* _ASSIGNMENT_
The task calls for the lines below from the line with "Businessman using laptop" to the line with "Show Secretary Charlotte", both ends included, copied exactly, without any pictures.

* _DATA LISTING_
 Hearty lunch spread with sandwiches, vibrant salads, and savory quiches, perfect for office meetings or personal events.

--

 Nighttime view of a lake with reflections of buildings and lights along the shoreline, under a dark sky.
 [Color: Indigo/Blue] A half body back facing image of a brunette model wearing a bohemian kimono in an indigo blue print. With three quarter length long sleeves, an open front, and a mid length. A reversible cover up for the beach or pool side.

...

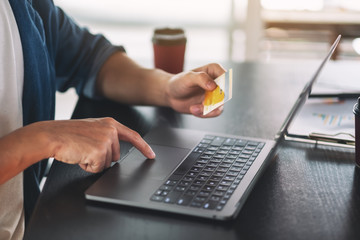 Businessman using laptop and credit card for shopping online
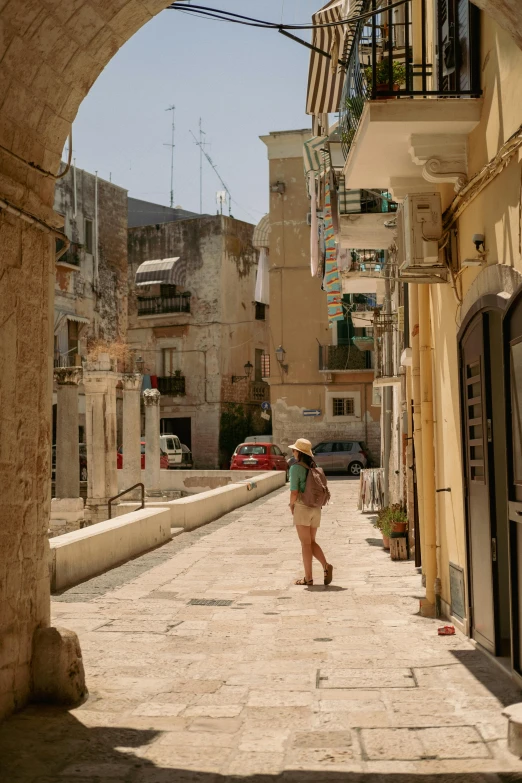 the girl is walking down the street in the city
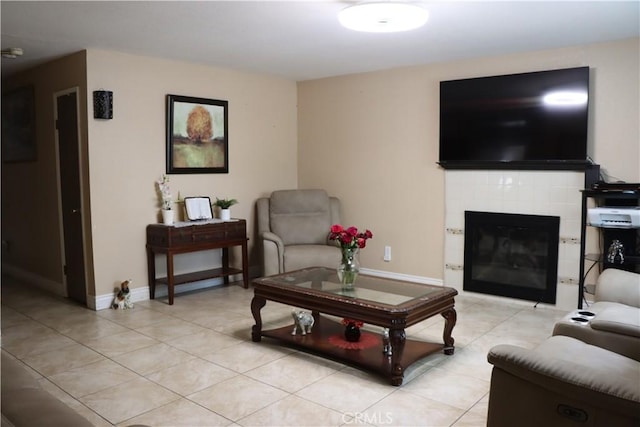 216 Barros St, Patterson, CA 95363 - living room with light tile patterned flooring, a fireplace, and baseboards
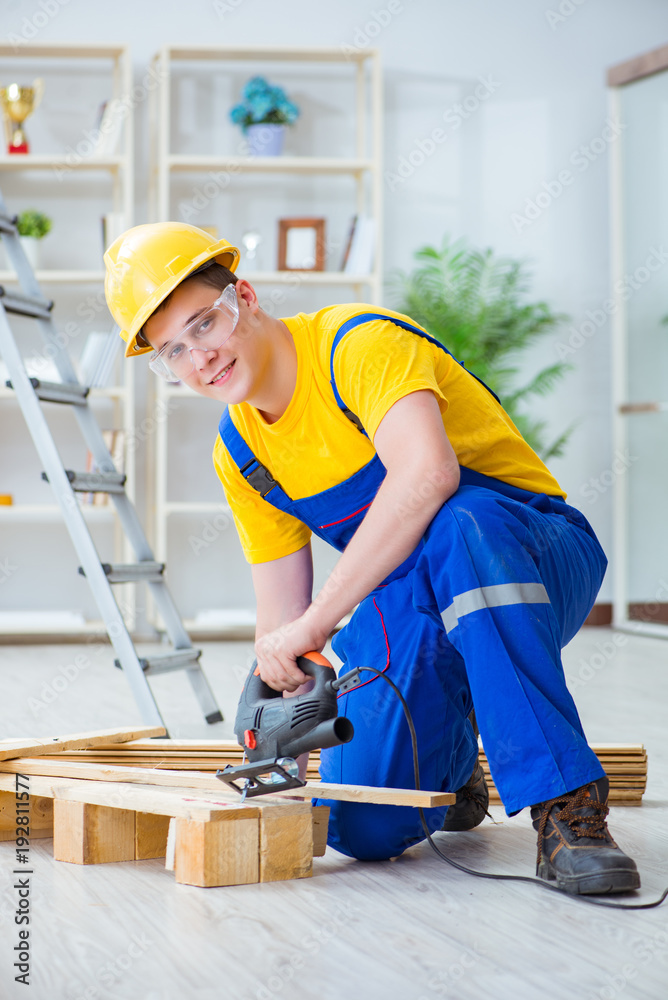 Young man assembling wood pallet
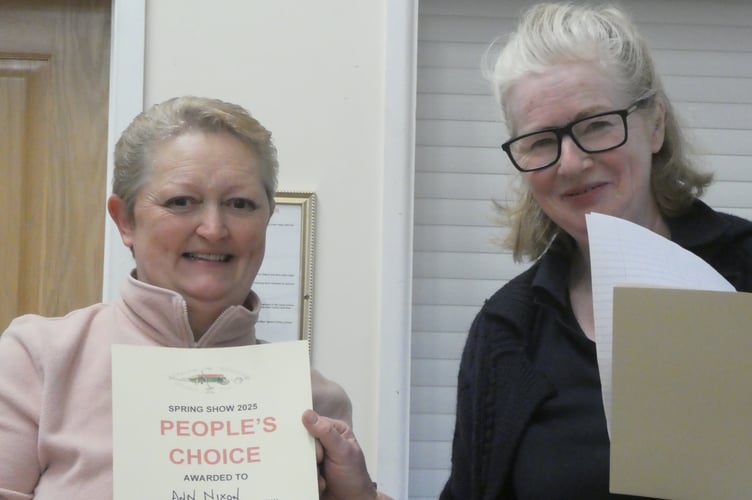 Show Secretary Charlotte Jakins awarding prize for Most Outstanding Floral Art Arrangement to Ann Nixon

* _SOLUTION FOR THIS TASK_
 Businessman using laptop and credit card for shopping online
 the girl is walking down the street in the city
 216 Barros St, Patterson, CA 95363 - living room with light tile patterned flooring, a fireplace, and baseboards
 Young man assembling wood pallet
 Show Secretary Charlotte Jakins awarding prize for Most Outstanding Floral Art Arrangement to Ann Nixon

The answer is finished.